__What you should do__
Among the records that follow, set down only the lines from the one containing "Patlabor 2 The" to the one containing "VSRで素早くマグチェンジ スピードマグホルダーとマグリップ [upl.", both included, exactly.

__Listed records__
★ ★ ★ ★ ★
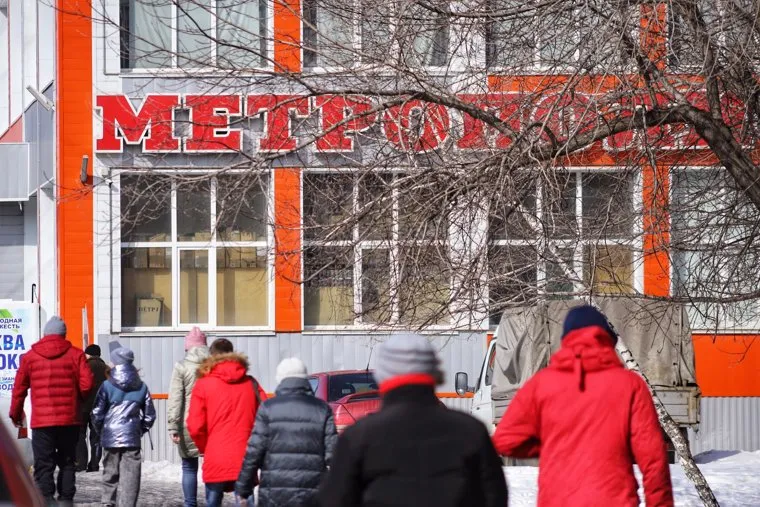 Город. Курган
★ ★ ★ ★ ★
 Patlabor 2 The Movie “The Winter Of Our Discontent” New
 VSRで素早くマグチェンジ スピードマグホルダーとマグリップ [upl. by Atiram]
★ ★ ★ ★ ★
__Solution__
 Patlabor 2 The Movie “The Winter Of Our Discontent” New
 VSRで素早くマグチェンジ スピードマグホルダーとマグリップ [upl. by Atiram]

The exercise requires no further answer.